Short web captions
▬▬▬
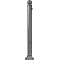 Ornamental bollard | Series 474B | � 76 mm | foldable, self-engaging lockto be fixed by plugs, with base plate 100 x 150 mm | with triangular locking mechanism acc. with DIN 3223 | with 2 eyelets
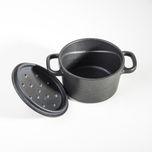 قابلمه چدن نالینو مدل Feleti سایز 10 به همراه استند چوبی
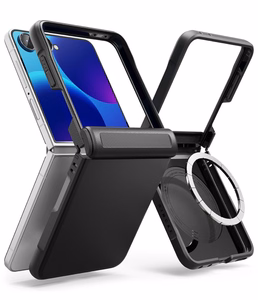 Ringke Onyx Flap MagSafe suojakuori mallille Samsung Galaxy Z Flip 8 – musta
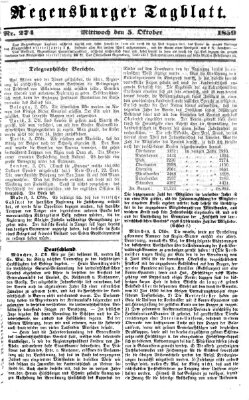 Regensburger Tagblatt Mittwoch 5. Oktober 1859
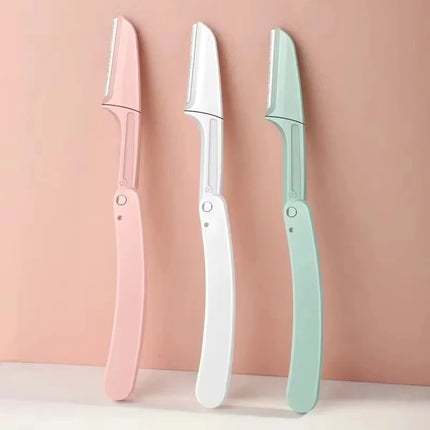 1/3-Piece Folding Facial Shaver, Facial Eyebrow Trimmer, Eyebrow Razor, Anti-Scratch Razor, Makeup Tools, Unisex Facial Razor
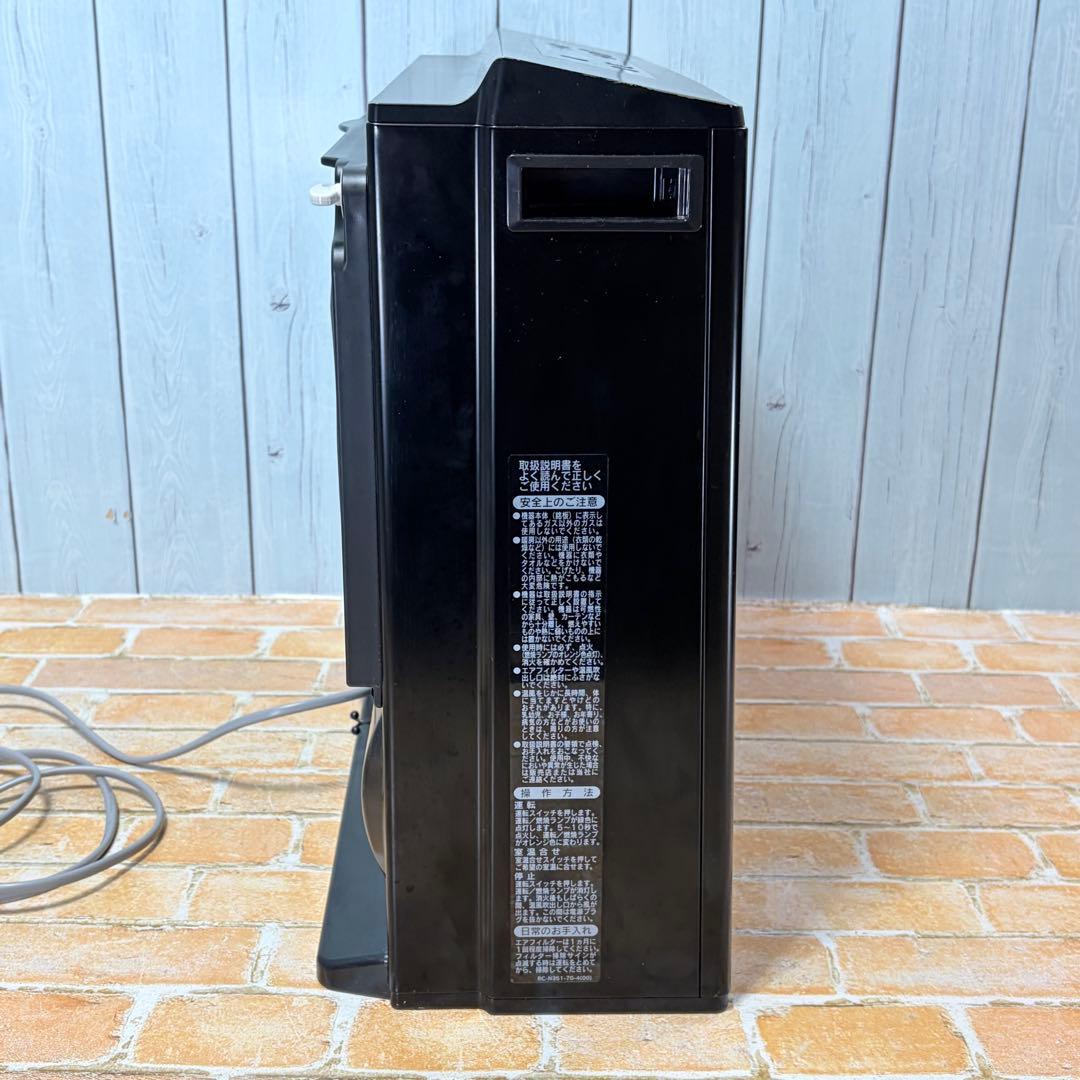 リンナイ RC-U5801E ガスファンヒーター 都市ガス ブラック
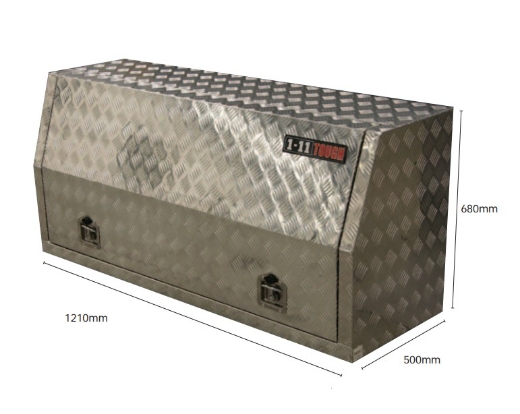 Picture of Aluminium Checker Plate One Tonner with T-Lock ( 1210mm Wide )
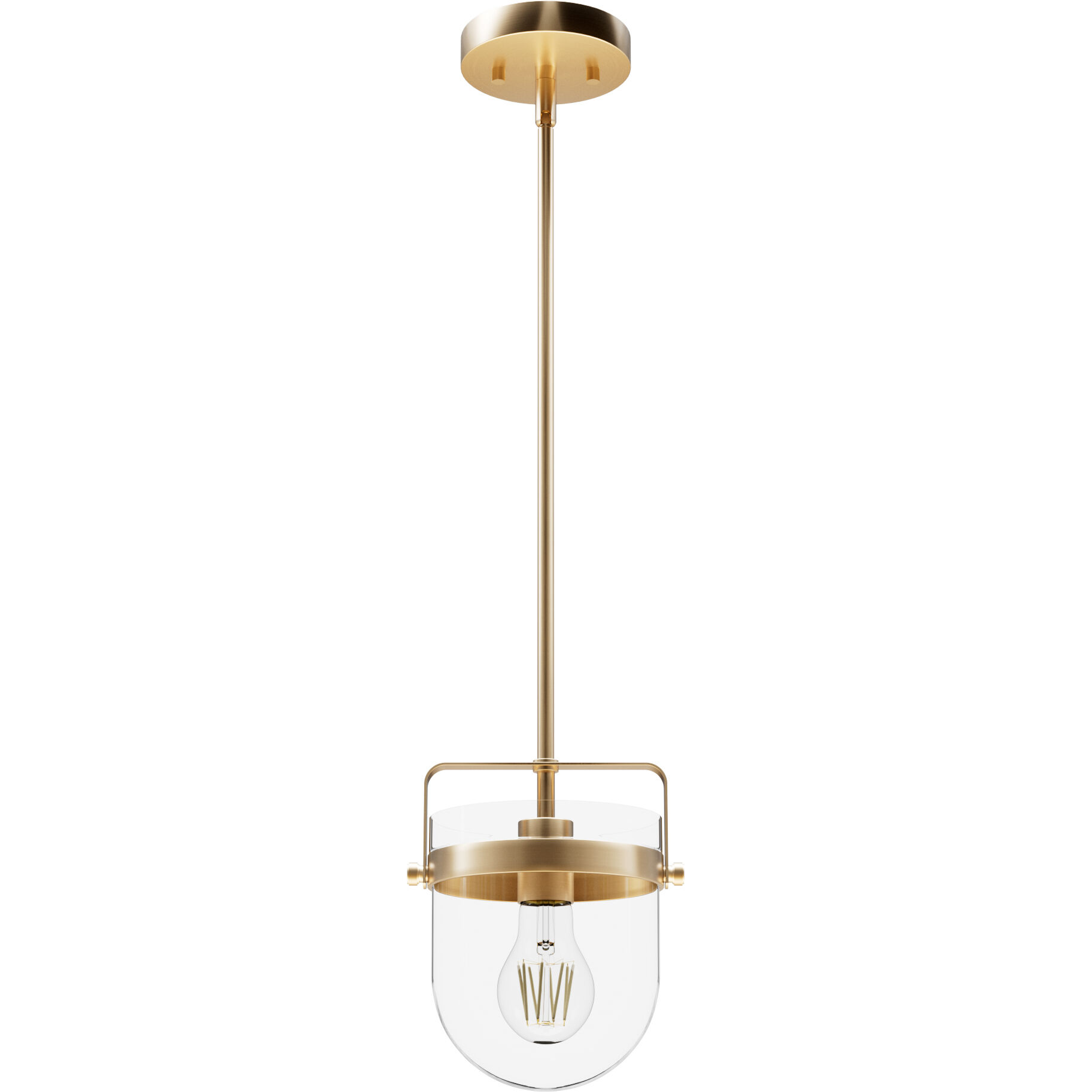 Karloff 1 Light 7.5 inch Alturas Gold Pendant Ceiling Light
▬▬▬
TASK INSTRUCTIONS
Retype the lines exactly as they appear, beginning with the line that contains "Regensburger Tagblatt Mittwoch" and ending with the final line of the entries, and omit the pictures.

ANSWER SPACE
 Regensburger Tagblatt Mittwoch 5. Oktober 1859
 1/3-Piece Folding Facial Shaver, Facial Eyebrow Trimmer, Eyebrow Razor, Anti-Scratch Razor, Makeup Tools, Unisex Facial Razor
 リンナイ RC-U5801E ガスファンヒーター 都市ガス ブラック
 Picture of Aluminium Checker Plate One Tonner with T-Lock ( 1210mm Wide )
 Karloff 1 Light 7.5 inch Alturas Gold Pendant Ceiling Light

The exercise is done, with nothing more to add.